Provenance Tooling - Githubissues

MilesMcBain commented 7 years ago

I see this has been discussed a little bit at previous unconfs and fell down a bit of a rabbit hole of data diffing.

I'm motivated to start a discussion on this based on my own recent experience where a team with the best of reproducibility intentions ended up getting ourselves in a mighty tangle with dataset versions, modelling results versions and the matching up of the two.

Based on my own experience, the major things I would like out of a provenance tool are:

Dataset validation
- Does my data match some repository/datastore version?
Results provenance
- Results output contains a key to some kind of execution record that maps user, timestamp, data, code, and results.
Analysis record keeping
- What analyses have thus far been run, on what datasets, and how did they score?

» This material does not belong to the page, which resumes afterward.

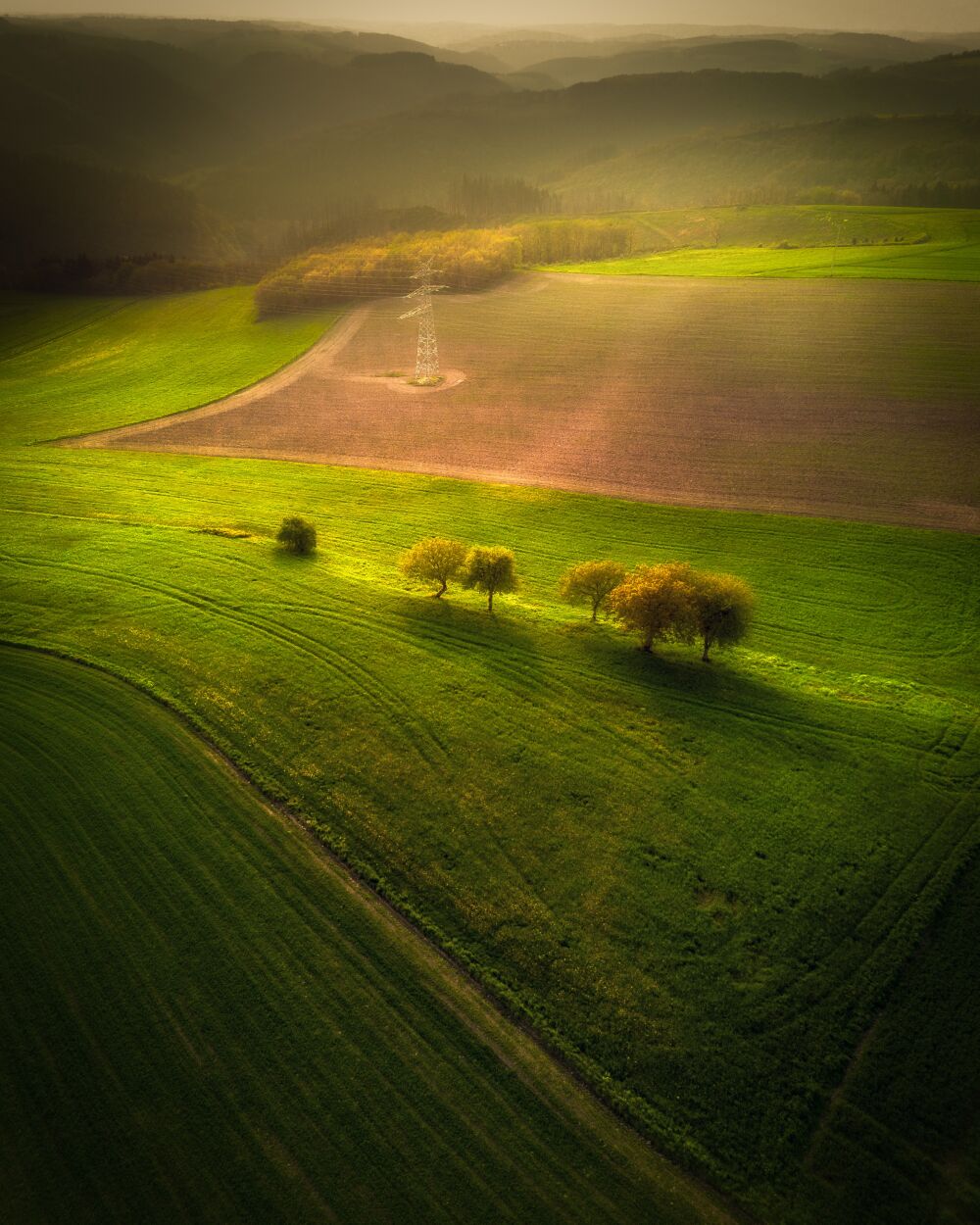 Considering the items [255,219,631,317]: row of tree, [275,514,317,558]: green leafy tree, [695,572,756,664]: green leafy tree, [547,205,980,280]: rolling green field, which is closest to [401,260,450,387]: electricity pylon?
[255,219,631,317]: row of tree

In teams this can easily become unclear!
Issue detection
- Alert me when something funny is going on. E.g. Data validation fail, uncommitted code changes are present, my results got worse.

What about the rest of the group, what are your key features etc? Which are the most critical?

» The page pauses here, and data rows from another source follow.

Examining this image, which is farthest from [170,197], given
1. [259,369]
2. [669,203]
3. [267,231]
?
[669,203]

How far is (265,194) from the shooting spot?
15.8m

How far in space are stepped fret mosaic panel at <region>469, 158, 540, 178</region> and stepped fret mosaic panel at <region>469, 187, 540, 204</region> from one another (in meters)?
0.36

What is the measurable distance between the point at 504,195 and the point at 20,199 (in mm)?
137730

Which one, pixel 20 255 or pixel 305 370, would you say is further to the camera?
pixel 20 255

For more context, I've been collecting some thoughts about my dream tool in this repository: https://github.com/MilesMcBain/journalr/blob/master/Journalling_tool_proposal.Rmd

jsta commented 7 years ago

Great idea of using Dat! I would love to see greater adoption.

Apart from Dat, do you think it would be very difficult to support remote dataset validation for a variety of remote repository/datastore types? I wonder what ideas if any could be ported/incorporated from the datastorr package (https://github.com/ropenscilabs/datastorr).

noamross commented 7 years ago

This relates a bit to my thoughts of regularly built testing outputs in https://github.com/ropensci/unconf17/issues/5#issuecomment-288221510 . I'd think that the provenance reports would be built and put in the same place.

MilesMcBain commented 7 years ago

@jsta I've seen datastorr. I've not had data small enough to use it. I think a lot of thought has gone into the design of its API and that could be useful.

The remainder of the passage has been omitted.